● DATA SHOWN:
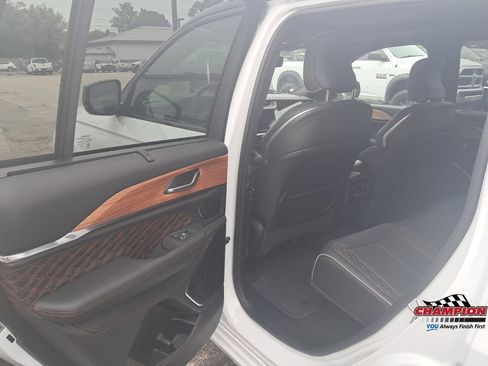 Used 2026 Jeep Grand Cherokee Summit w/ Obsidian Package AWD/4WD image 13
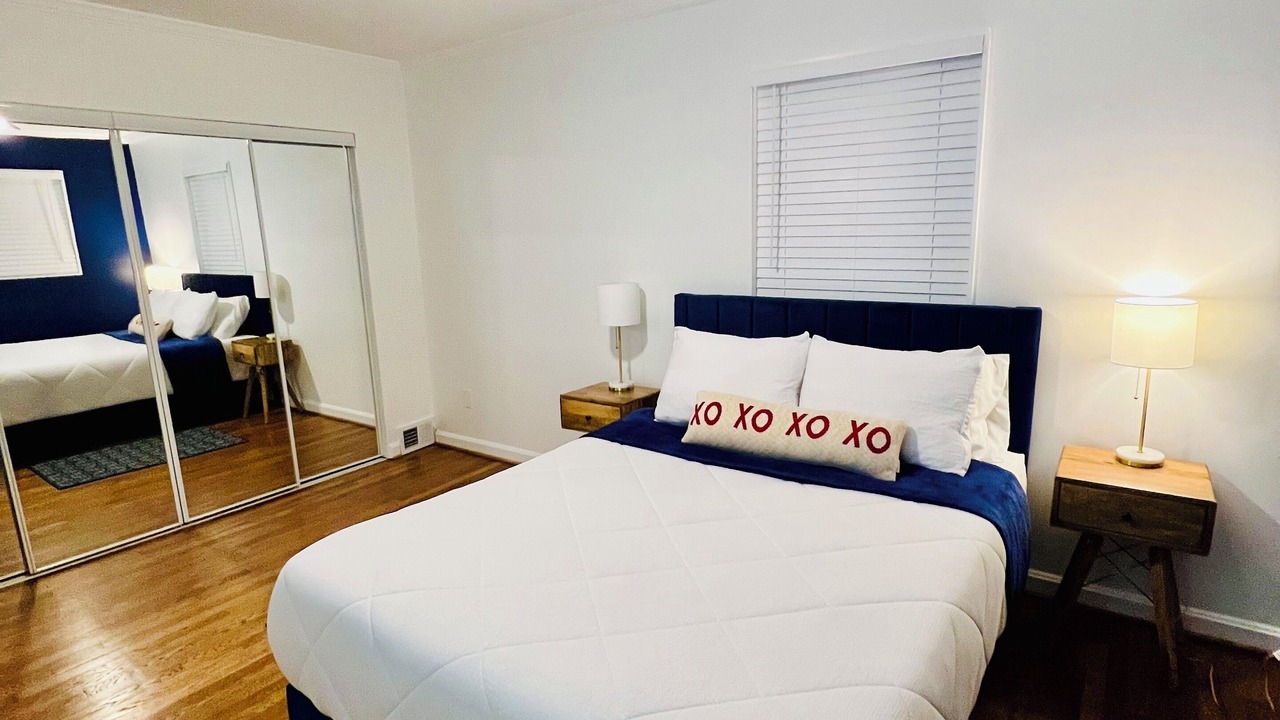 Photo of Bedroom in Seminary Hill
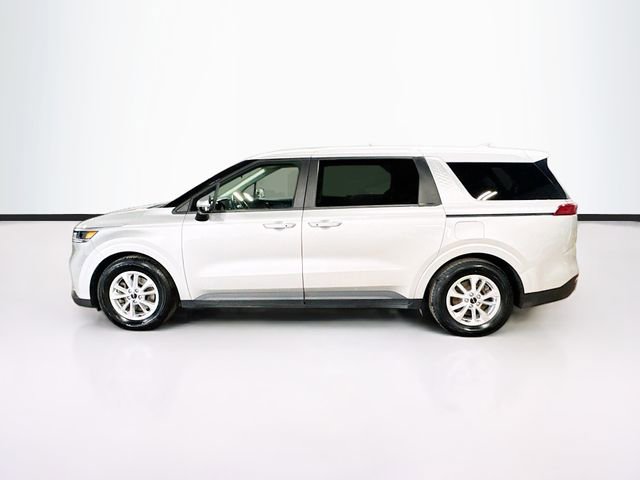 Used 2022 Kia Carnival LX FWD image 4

---

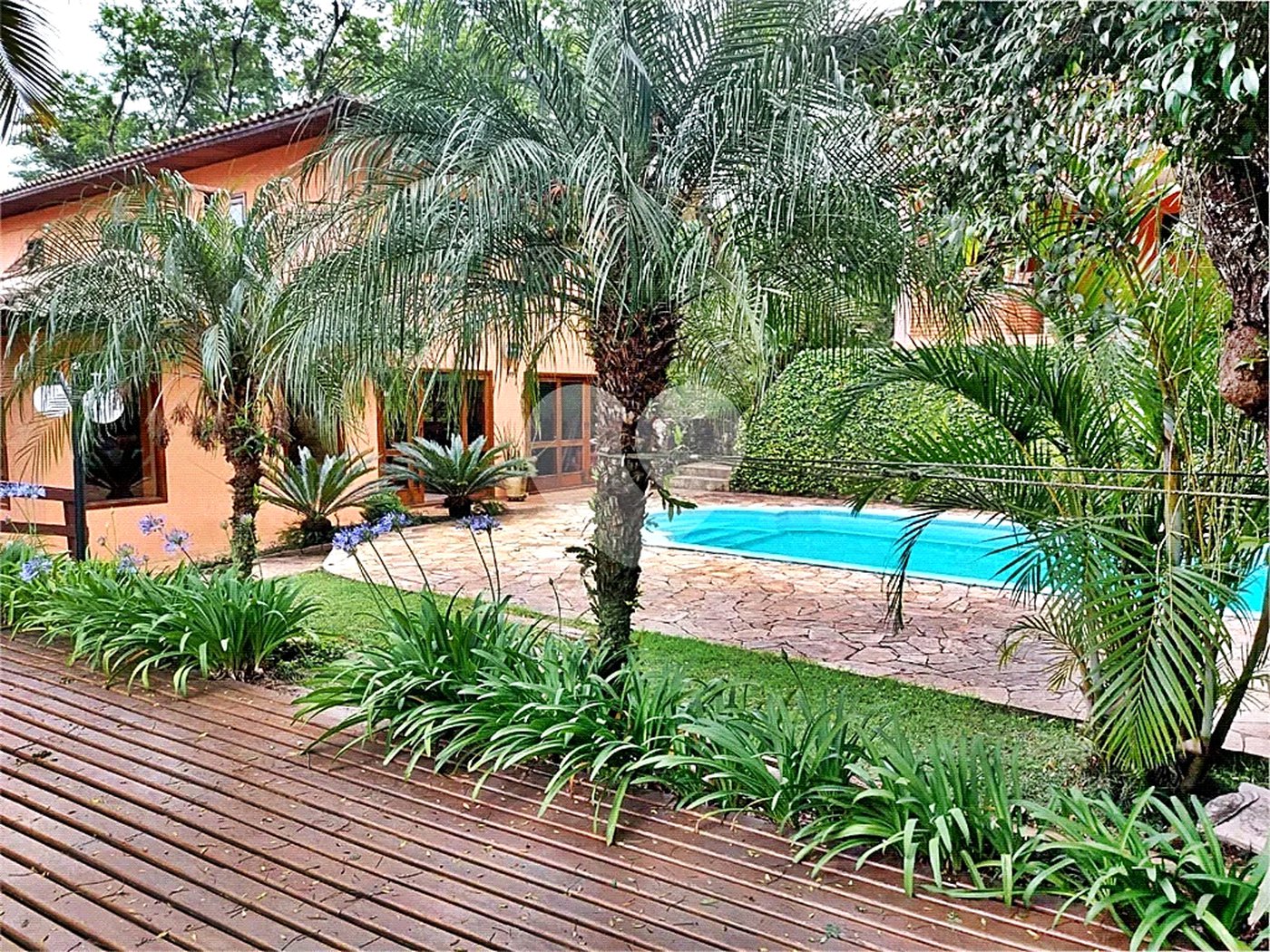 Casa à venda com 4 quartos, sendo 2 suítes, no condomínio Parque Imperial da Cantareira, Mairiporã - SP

● TASK BRIEF: The material above holds pictures; leave them out and set down exactly the lines from the line with "Used 2026 Jeep" to the line with "Used 2022 Kia Carnival LX FWD image 4", both included.

● SOLUTION TO THIS TASK:
 Used 2026 Jeep Grand Cherokee Summit w/ Obsidian Package AWD/4WD image 13
 Photo of Bedroom in Seminary Hill
 Used 2022 Kia Carnival LX FWD image 4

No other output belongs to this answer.